Consider the thoughts, desires, and actions of a believer who worries and fears. Those terms are rarely defined; they are simply accepted an assumed. When they are defined, they usually follow the psychologized culture that we live in. However, when the believer defines the terms biblically, he begins to understand that he is in the light but he does not see clearly God, himself, and circumstances. The pull of the darkness is still strong. As he hears gospel truth applied to his situation, his wants and thoughts are deeply engaged – he is not satisfied and may be confused. That is movement! However, he comes to realize that control is the issue. That is greater movement. He learns that worry and fear are fruit issues – the root is a heart issue of control: his over God’s. He begins to realize he is competing with God and losing! Praise God that he is in the light and is now coming more and more enlightened. His spiritual blinders are being removed and he is part of the removal process.

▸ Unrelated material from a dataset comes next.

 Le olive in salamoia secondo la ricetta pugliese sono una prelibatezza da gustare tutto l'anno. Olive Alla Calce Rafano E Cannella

There is further movement when he articulates: “Trusting self is my darkness. I return to my vomit when faced with things I don’t want to happen” (Proverbs 26:11). He had convinced himself that pleasing self was the way to live happily thereafter defining happy according to self. He is faced with Proverbs 13:15b and 26:1: the self-truster has and can expect misery. He acknowledges God’s truth (Proverbs 3:5-8). His coming into the light is further manifested when he repents not only of worry and fear but the pattern of both, the excuses for them, the heart from which they flow, and for his attack on God.

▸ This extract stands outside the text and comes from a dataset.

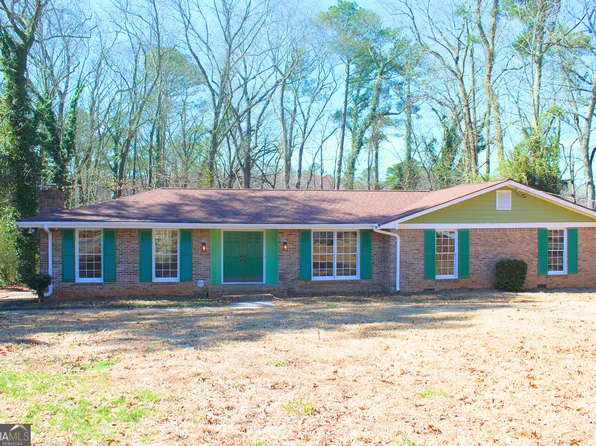 5943 Christopher Ln, Lithonia, GA 30058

He articulates that he was functioning as if God was not trustworthy. God was small at that moment and in spite of the cross, God was not there for him. He had relied on his experience as well as feelings with more darkness. He acknowledges that he was on God’s case. His words and actions are evidence of his coming into the light. He was in the light but now he was moving into the light. He expresses heaviness of heart and Godly sorrow and repentance according to 2 Corinthians 7:9-10.

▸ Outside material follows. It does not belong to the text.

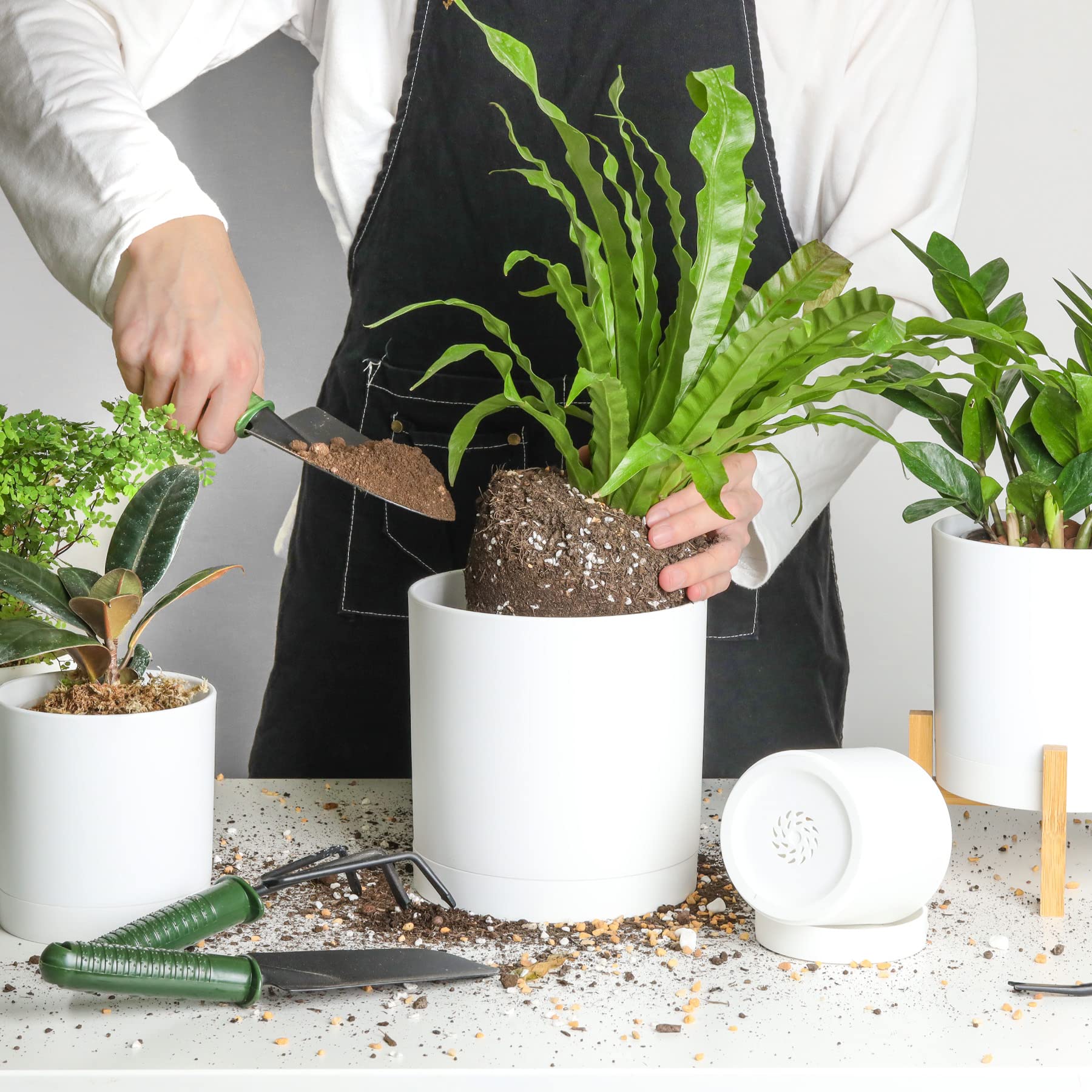 T4U Lot De 4 Pots De Fleurs En Plastique Avec Soucoupe, Pot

The light and truth are brighter and clearer as he repents. His repentance was mixed with joy. Daily he reads, recites, mediates, memorizes, verbalizes, and actualizes these truths. He acts upon the fact that God is good and trustworthy. Every time he is tempted to worry and fear he trusts in God rather than self. He understands that his trust in self is longstanding and patterned. Each temptation to worry and fear is a choice to trust God because He deserves to be trusted or to trust himself. He develops proper patterns of thoughts and desires and changed actions in response to those situations in which he had trusted self.

He begins to regularly live according to the truth: “God is trustworthy” and “I am a trusting person by God’s grace and the Holy Spirit’s work in the inner-man.” The full effects of the initial, radical transformation are not complete but the believer is growing. The believer adds: “I was a self-pleaser and a wanter, but now I am a God-pleaser because God is majestic, good, and purposeful – He is God and I am not (Psalm 46:10).

Lastly, the light is even brighter as he comes to discover that repentance is his friend. He does not fear situations as threats to his wellbeing and something to control. Rather, intimacy with his good God in spite of himself has been a blessing that he would not have imagined. In fact, as part of coming into the light, he now uses the situations that provoked him to anger, fear, and worry to trust God. Coming into and growing in the light is a desirable and sought-out activity for him.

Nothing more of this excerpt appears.